## [INSTRUCTIONS FOR THE TASK]
Could you output exactly the lines running from the one containing "Young Money - We" to the final line of the listing below, leaving out pictures?

## [DATA]
· · · · · · ·
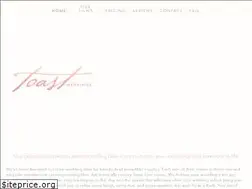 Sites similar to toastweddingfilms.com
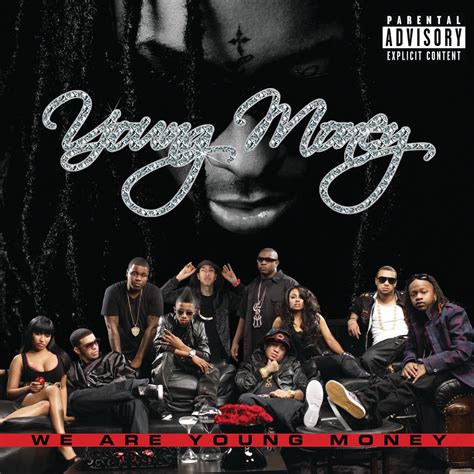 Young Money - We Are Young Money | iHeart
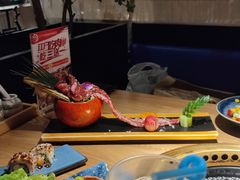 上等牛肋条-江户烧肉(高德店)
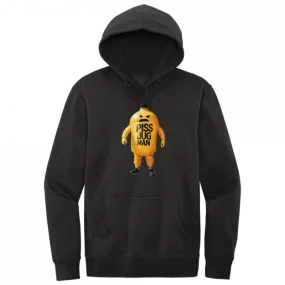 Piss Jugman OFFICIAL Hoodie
· · · · · · ·
## [ANSWER FOR THE TASK]
 Young Money - We Are Young Money | iHeart
 上等牛肋条-江户烧肉(高德店)
 Piss Jugman OFFICIAL Hoodie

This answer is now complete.